Satiety, a six-year-old Palo Alto, CA, company that’s working on a device that restricts how much food the stomach can hold, has raised $30 million in a Series D financing, The Deal reports. The money, which brings the company’s investment total to over $50 million, will be used to fund U.S. clinical trials to begin later this year.
Unlike gastric bypass and banding, Satiety’s product is non-invasive. It’s a vacuum device that’s inserted orally. Once eased down the throat, it grabs at the stomach walls and staples them to create a smaller pouch.
John Freund, a managing director with Skyline Ventures, which led the Series D round, told The Deal that Satiety’s non-invasive approach may give it an edge over gastric bypass and other bariatric procedures. “The mechanism of action of the device substantially duplicates more invasive procedures that are known to work,” said Freund, “and we easily anticipate that this could be done by a much broader group of physicians.”
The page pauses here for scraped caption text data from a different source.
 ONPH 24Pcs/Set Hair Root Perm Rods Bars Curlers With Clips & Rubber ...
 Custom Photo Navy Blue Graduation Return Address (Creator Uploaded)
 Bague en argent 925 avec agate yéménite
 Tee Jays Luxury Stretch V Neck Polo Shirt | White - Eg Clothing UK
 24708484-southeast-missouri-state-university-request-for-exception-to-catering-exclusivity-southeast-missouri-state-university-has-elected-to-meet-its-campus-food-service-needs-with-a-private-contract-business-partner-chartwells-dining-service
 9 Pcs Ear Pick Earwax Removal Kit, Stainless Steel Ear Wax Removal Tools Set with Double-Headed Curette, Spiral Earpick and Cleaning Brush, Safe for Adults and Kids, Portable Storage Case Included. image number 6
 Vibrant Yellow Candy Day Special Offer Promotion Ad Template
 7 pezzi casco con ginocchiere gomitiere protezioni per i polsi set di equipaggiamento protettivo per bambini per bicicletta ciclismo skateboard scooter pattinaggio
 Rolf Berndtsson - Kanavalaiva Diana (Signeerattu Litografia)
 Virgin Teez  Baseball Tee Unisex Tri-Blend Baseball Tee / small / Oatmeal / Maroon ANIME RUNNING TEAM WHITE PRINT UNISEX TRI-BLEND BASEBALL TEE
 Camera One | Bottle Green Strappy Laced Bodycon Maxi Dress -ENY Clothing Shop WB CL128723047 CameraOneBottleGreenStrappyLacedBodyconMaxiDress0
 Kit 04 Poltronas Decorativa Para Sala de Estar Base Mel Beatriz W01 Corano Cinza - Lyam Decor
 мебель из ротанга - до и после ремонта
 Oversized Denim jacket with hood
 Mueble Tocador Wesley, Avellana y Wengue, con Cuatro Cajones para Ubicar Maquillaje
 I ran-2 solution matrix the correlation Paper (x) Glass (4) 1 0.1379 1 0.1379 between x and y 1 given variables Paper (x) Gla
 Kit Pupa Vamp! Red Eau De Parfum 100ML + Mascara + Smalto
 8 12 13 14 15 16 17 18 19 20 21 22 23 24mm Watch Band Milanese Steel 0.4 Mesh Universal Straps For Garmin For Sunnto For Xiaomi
According to the American Society for Metabolic and Bariatric Surgery via The Deal, there were 177,600 bariatric surgeries performed in the U.S. in 2006, up 4.7% from 170,000 in 2005, and up 160% in the last five years.
Satiety CEO Greg Patterson told Red Herring back in April that the company is looking toward a European approval by the end of this year — still a viable goal, according to The Deal piece from this week. The news magazine reports that Satiety is now wrapping up clinical studies in 44 patients outside the U.S.
In May, Satiety was named to the Red Herring 100, Red Herring annual list of most promising startups.
Along with lead investor Skyline Ventures, HLM Venture Partners, Pinnacle Ventures, Venrock, Morgenthaler Ventures and Three Arch Partners participated in this latest financing.